Friday, August 26, 2011

Andrew Klavan on Kim Kardashian's Wedding

If only a single one of Obama's ivy-league educated economists understood as much about how an economy actually works (in the real world, not at the simultaneous solution of a large collection of equilibrium equations) as Andrew Klavan, we'd be in much better shape now.

I have no idea who Kim Kardashian is. I say this advisedly. It might sound like a boast. After all, I could’ve googled her before I started writing, but I didn’t, so maybe I’m proud of my ignorance. Be that as it may, the simple fact is I’m completely clueless as to why Kim Kardashian is a celebrity.

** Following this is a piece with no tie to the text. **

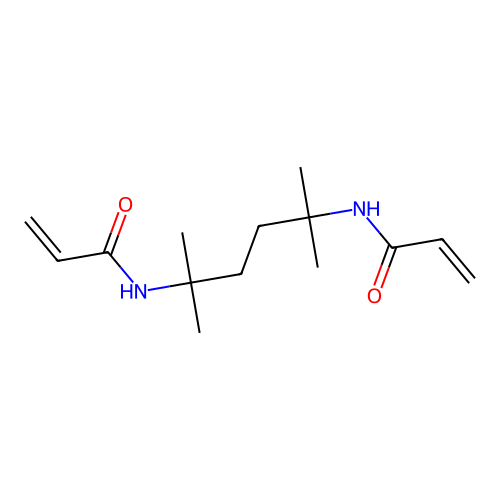 N-[2,5-dimethyl-5-(prop-2-enoylamino)hexan-2-yl]prop-2-enamide structure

Thus when I asked my wife why helicopters were buzzing round and round above my house this past Saturday, I was not terribly enlightened at being told that Kim Kardashian was getting married somewhere in the neighborhood. And later, at a dinner party that night when someone remarked on the constant and irritating presence of the choppers, I sounded more knowing than I was when I said, “Must be Kim Kardashian’s wedding.”

It was at this point someone at the party said scornfully, “That wedding cost ten million dollars! That’s obscene in these hard times with so many people suffering!”

Is it obscene? Really? Unless Kim Kardashian is famous for robbing banks, I don’t see why. Assuming she made her money honestly, then every dollar she has was given to her freely by a public who thought she was worth it. She, in turn, freely decided it would be worth it to her to spend that freely given money on her wedding. And because there was no force in operation other than free human desire — the public’s desire to see Kim Kardashian do whatever it is she does for a living and Kim Kardashian’s desire to get married in high style — every single dime spent on that wedding helped create a job — if by a job, we mean a task someone does because someone else wants or needs it done.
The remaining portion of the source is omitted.